La extrema soledad y el dolor insoportable de la Expiación que comenzaron en Getsemaní alcanzaron su intensidad máxima cuando, después de sufrir indecible tortura a manos de los soldados romanos y de otras personas, Cristo exclamó desde la cruz: “…Elí, Elí, ¿lama sabactani?
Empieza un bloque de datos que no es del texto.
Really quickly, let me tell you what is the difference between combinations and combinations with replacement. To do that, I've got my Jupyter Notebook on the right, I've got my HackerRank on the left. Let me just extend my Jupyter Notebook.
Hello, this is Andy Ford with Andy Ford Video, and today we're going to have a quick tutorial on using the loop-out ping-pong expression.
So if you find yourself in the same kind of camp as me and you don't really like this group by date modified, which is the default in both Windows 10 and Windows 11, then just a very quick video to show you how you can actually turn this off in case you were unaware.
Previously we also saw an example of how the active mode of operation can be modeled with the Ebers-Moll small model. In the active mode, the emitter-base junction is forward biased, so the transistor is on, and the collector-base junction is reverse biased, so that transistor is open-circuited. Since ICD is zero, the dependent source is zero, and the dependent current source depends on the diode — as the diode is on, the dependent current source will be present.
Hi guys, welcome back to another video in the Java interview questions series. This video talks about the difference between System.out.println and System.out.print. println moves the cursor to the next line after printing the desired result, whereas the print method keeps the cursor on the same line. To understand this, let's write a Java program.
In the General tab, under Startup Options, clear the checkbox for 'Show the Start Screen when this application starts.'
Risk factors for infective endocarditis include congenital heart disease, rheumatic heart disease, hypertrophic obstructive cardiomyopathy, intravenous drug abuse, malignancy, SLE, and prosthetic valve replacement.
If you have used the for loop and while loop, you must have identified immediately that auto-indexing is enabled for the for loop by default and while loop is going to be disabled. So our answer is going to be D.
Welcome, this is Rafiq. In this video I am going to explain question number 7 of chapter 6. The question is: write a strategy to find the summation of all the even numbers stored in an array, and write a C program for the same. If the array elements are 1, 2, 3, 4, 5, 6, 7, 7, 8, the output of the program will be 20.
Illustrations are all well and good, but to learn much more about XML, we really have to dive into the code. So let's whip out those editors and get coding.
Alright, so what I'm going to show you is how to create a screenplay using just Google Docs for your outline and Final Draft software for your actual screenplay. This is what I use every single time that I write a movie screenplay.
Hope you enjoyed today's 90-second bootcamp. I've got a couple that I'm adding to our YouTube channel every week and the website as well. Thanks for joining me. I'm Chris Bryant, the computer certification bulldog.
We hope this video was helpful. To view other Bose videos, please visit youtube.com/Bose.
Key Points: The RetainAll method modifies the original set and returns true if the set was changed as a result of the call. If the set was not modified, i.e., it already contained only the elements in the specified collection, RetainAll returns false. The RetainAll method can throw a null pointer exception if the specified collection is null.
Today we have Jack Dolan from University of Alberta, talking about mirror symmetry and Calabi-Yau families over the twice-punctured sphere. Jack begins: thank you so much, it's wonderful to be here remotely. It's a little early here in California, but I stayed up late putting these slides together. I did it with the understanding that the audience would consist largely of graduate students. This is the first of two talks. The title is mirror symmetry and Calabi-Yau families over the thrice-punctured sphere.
Esto es: Dios mío, Dios mío, ¿por qué me has desamparado?”. En las profundidades de aquella angustia, hasta la naturaleza misma se turbó: “…hubo tinieblas sobre toda la tierra… Y el sol se oscureció”. “Y he aquí, el velo del templo se rasgó en dos, de arriba abajo; y la tierra tembló, y las rocas se partieron”, haciendo que muchas personas exclamaran: “¡El Dios de la naturaleza padece!”. Finalmente, incluso lo que parecía insoportable se llevó a cabo y Jesús dijo: “Consumado es”. “Padre, en tus manos encomiendo mi espíritu”. Algún día, en algún lugar, se llamará a toda lengua humana para que confiese, como lo hizo un centurión romano que presenció todo eso: “Verdaderamente éste era Hijo de Dios”.
Para la mujer y el hombre reflexivos, es “motivo de gran asombro”el hecho de que el sacrificio voluntario y misericordioso de un solo Ser pudiera satisfacer las exigencias eternas e infinitas de la justicia, expiar toda transgresión y mala acción humana y, de esa manera, abarcar compasivamente a toda la humanidad en Su abrazo misericordioso. Pero así es.
Cito al presidente John Taylor (1808–1887): “De una manera que para nosotros es incomprensible e inexplicable, Él llevó la carga de los pecados del mundo entero, no sólo de Adán sino de su posteridad; y al hacerlo, abrió el reino de los cielos, no solamente para todos los creyentes y los que obedecieran la ley de Dios, sino para más de la mitad de la familia humana que muera sin llegar a la edad de responsabilidad, así como también para aquellos que… mueran sin conocer la ley”.
Que podamos sentir lo mismo que el élder Whitney sintió con respecto a este magnífico don y al Dador de quien lo recibimos: “Tanto me conmovió [Su don]… que también lloré… Todo mi corazón estaba con Él. Lo amaba con toda mi alma y anhelaba estar con Él como jamás he deseado nada en mi vida”. Por haber ofrecido la Expiación en nuestro beneficio, Cristo ha hecho Su parte para que ese anhelo se convierta en realidad. El resto dependerá exclusivamente de nosotros.